Map projections are two dimensional representations of a three dimensional globe. Conceptually, projections are created by inserting a light source inside of a semi-transparent globe and wrapping the globe in a sheet of paper. The features of the globe will be “projected” on the surface of the 2D sheet. Depending on the orientation of the sheet, different projections are produced.

There are issues inherent within the translation process that can distort everything from angles and distances, to shapes and areas. These problems become apparent when trying to measure any of the aforementioned quantities. For example, in the maps above, I attempted to measure the distance between Washington D.C. and Kabul, Afghanistan. For this I used a straight line measurement tool in the ArcMap program. As one can see the distances vary greatly from map to map, even on those maps that are “equidistant,” (more about this later).

Luckily, certain projections can preserve certain measurements. Conformational projections such as the Mercator and Gall Stereographic projections preserve angles. Equidistant projections preserve the distance between points. Equal Area projections preserve the area of polygons. There is an important caveat to this however. Notice how on the equidistant projections, the distance between Kabul and D.C. still differ between the Equidistant Conic and Equidistant Cylindrical projections. This is because within projection categories, maps can preserve different aspects of distance, or angles, or areas etc. For example, in the conformational projections, the Mercator projection preserves the angles of rhumb lines, or lines of constant course; however, the Gall Stereographic projection preserves the shapes of circles.

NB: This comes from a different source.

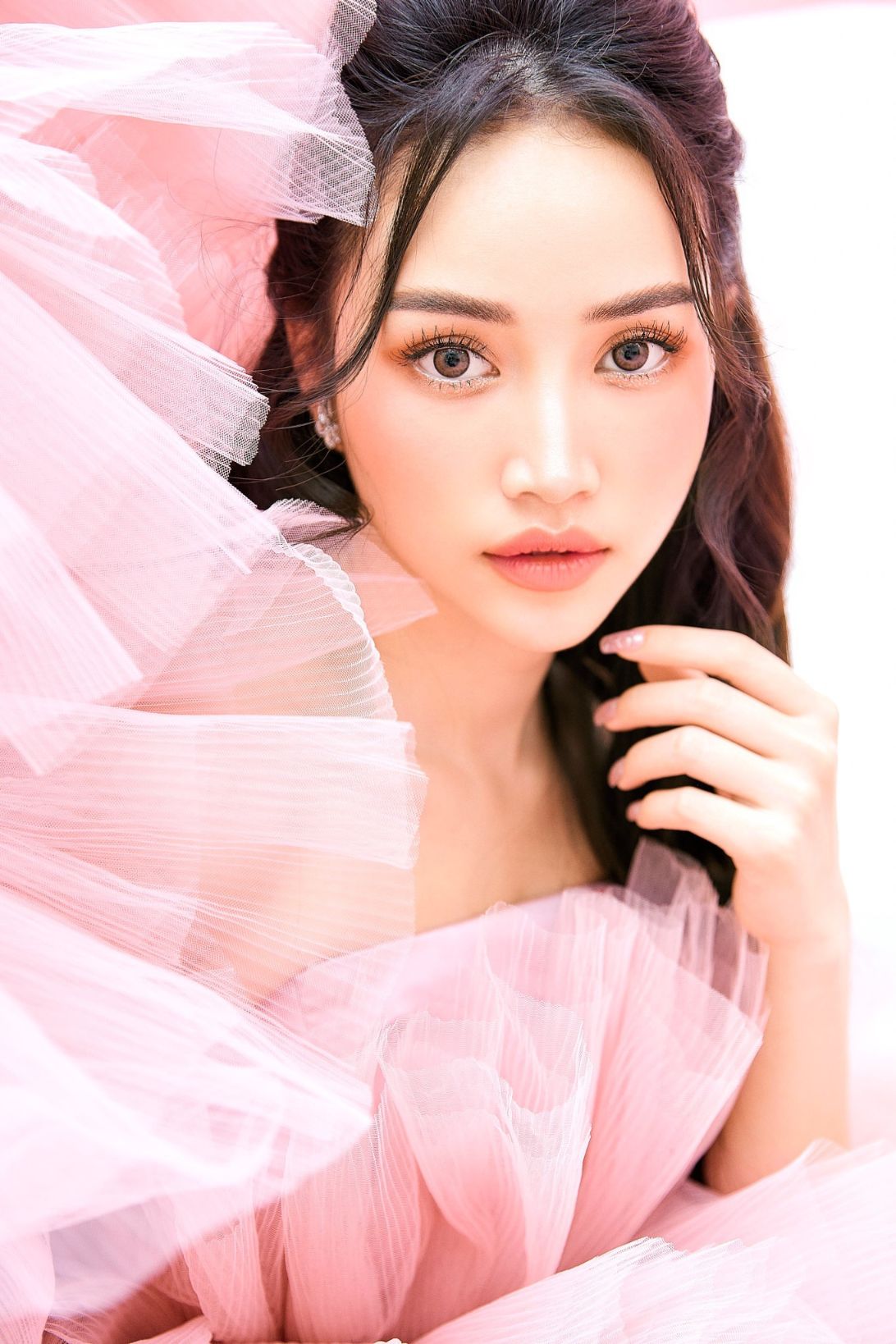 ha dan chi 1 Diễn viên, người mẫu Hà Đan Chi khiến fan bấn loạn bởi bộ hình mới đẹp như nàng thơ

The specific qualities of projections, if known, can prove to be useful. Mercator projections for example were ideal for navigators on sailing ships because straight lines drawn on the map correspond to real-world courses. If you were to draw a straight line on an Equidistant Cylindrical projection, the line would not correspond to your real-world course. Again, this is because moving over a 3D surface is different from moving over a 2D surface.